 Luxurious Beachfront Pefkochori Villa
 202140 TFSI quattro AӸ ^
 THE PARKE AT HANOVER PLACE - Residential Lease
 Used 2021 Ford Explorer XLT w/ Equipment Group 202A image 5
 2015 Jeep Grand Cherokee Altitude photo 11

::::

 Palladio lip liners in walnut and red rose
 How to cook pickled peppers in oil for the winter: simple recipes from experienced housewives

::::

▶ **What you need to do**
Look back at the entries above. Retype the line with "Luxurious Beachfront Pefkochori Villa", the line with "2015 Jeep Grand Cherokee Altitude photo 11", and all lines in between.

▶ **Result for this exercise**
 Luxurious Beachfront Pefkochori Villa
 202140 TFSI quattro AӸ ^
 THE PARKE AT HANOVER PLACE - Residential Lease
 Used 2021 Ford Explorer XLT w/ Equipment Group 202A image 5
 2015 Jeep Grand Cherokee Altitude photo 11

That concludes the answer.